WHAT THE TASK ASKS
Your answer should be every line below that includes the word "Bottle".
*** AVAILABLE DATA Section Begins ***
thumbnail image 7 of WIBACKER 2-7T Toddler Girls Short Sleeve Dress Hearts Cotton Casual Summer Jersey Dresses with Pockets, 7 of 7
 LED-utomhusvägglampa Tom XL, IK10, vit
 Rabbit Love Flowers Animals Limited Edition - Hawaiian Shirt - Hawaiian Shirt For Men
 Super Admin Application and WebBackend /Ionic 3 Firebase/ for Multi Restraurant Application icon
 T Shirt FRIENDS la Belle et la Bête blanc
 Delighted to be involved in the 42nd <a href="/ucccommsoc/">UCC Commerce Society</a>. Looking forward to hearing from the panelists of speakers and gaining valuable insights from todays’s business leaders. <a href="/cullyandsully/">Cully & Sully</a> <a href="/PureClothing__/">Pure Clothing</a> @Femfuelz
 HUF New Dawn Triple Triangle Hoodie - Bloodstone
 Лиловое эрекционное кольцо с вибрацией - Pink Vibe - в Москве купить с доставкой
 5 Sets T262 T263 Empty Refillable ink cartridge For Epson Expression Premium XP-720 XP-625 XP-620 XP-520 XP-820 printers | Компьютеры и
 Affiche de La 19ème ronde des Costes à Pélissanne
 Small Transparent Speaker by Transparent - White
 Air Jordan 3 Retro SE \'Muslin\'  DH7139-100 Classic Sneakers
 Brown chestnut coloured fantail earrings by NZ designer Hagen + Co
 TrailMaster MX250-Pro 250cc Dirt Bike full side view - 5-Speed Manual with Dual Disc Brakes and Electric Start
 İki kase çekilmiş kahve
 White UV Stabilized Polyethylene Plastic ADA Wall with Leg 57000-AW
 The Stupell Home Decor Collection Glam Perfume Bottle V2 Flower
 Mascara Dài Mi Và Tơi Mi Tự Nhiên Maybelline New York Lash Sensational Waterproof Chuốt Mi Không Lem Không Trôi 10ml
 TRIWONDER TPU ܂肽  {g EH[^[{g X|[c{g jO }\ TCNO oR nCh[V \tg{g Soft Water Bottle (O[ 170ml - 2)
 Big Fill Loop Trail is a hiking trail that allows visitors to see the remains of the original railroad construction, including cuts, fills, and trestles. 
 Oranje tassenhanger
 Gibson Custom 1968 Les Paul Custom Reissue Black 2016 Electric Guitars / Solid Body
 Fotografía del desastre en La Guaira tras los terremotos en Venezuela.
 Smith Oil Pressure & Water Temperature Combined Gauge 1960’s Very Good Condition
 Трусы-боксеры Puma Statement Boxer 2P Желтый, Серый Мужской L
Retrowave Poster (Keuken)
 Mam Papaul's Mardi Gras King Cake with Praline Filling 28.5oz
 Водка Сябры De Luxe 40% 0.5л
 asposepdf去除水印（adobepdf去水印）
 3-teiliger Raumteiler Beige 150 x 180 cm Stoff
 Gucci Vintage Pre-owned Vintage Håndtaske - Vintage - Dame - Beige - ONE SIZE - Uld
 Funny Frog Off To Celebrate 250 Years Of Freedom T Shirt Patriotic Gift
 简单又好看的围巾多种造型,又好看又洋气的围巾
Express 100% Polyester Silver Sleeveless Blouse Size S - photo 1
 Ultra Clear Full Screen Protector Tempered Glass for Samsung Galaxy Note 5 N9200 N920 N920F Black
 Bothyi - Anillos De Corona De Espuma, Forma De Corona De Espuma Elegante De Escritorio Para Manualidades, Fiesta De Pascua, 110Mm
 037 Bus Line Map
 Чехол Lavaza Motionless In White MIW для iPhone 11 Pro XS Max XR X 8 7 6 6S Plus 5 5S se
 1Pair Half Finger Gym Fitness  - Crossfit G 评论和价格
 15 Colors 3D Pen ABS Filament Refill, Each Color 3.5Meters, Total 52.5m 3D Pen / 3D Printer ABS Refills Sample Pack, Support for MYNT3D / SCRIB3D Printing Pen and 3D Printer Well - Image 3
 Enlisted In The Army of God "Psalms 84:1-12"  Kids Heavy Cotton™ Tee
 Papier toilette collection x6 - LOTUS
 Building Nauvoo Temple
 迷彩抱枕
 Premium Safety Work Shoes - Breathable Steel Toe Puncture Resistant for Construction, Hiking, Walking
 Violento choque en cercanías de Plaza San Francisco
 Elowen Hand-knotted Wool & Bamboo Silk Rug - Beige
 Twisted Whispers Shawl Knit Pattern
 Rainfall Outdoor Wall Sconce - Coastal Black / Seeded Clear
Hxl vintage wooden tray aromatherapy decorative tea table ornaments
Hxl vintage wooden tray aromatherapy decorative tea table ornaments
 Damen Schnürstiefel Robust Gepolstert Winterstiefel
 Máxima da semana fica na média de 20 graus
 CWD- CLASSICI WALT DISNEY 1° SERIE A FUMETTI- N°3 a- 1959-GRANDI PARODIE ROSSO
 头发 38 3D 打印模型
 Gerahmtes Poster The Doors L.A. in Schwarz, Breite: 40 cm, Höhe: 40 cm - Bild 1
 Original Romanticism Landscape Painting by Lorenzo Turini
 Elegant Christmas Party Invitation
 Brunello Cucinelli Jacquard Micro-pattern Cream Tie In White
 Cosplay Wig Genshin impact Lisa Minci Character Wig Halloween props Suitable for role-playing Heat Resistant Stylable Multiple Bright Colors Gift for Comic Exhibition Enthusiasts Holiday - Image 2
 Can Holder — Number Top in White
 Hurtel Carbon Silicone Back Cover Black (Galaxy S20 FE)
*** AVAILABLE DATA Section Ends ***
PROBLEM SOLUTION
 The Stupell Home Decor Collection Glam Perfume Bottle V2 Flower
 TRIWONDER TPU ܂肽  {g EH[^[{g X|[c{g jO }\ TCNO oR nCh[V \tg{g Soft Water Bottle (O[ 170ml - 2)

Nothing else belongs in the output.